During George's six weeks at Addenbrookes, Mr and Mrs Taylor, who have been married since 2002, were able to stay at nearby Acorn House, which is run by the Sick Children's Trust charity.

It is a fully equipped centre - with individual beds, a kitchen and bathrooms - and ensured the family could be at his side throughout his recovery.

The couple were so impressed with the free-of-charge facilities that they approached Broke Hall Community Primary School in Ipswich - where George's sisters Madeline, seven and Lydia-Rose, six, are pupils - to ask if they would raise money for the charity.

Mrs Taylor said: “Without Acorn House we would have had to have kept coming home every night and we would have forever been travelling backwards and forwards.

“However because we were able to stay it made life a lot easier and it was great for George. If he was awake in the night and crying we were there for him. Our daughters were too young to really understand what was happening but they would come up and visit.

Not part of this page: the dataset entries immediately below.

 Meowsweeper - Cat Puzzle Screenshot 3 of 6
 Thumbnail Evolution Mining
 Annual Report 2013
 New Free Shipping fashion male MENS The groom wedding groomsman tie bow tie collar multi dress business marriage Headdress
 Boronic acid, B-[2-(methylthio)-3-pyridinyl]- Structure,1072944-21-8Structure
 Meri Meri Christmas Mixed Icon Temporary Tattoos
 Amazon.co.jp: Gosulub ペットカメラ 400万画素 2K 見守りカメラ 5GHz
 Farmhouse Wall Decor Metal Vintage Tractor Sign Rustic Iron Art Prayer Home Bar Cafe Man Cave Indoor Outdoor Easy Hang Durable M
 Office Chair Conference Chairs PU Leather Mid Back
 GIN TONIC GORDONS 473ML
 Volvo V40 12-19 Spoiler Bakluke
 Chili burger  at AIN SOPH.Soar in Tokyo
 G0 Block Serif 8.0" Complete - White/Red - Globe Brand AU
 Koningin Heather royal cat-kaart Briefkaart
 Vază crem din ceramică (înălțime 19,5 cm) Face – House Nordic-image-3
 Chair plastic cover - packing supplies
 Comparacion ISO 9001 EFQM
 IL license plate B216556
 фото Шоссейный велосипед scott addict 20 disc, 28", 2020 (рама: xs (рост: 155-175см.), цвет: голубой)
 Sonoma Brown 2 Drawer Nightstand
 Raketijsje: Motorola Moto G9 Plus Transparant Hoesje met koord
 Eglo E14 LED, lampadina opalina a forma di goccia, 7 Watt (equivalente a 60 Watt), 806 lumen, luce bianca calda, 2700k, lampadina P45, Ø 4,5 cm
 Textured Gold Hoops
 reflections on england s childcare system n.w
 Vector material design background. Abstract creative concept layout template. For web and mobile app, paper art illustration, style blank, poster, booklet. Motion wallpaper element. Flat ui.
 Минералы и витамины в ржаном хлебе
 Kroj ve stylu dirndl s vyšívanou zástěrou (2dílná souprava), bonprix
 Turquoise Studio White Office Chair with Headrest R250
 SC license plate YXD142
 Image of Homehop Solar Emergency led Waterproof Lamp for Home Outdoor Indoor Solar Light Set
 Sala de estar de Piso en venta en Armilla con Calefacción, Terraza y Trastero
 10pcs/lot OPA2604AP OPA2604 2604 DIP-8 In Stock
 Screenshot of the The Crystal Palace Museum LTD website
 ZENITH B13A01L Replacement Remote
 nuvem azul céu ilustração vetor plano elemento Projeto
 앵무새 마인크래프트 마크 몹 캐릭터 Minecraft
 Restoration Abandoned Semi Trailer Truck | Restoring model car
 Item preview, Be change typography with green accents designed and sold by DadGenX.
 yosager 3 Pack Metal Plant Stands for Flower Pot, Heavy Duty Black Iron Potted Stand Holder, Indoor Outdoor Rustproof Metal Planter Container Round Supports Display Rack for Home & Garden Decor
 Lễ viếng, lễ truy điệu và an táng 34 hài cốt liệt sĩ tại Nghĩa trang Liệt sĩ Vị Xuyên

“We were so grateful for the support that we received that when we got back I contacted the school to ask if they would consider raising money for the Sick Children's Trust.”

Headteacher Richard Griffiths was only too happy to help out and organised a non-uniform day, which raised nearly £1,000.

“It's nice to be able to support a charity that has some connection with our children,” he said. “George's sisters are both pupils here and George also attends our Heathlands nursery. It gives the cause a sense of reality as far as the children are concerned because it is about someone they know.”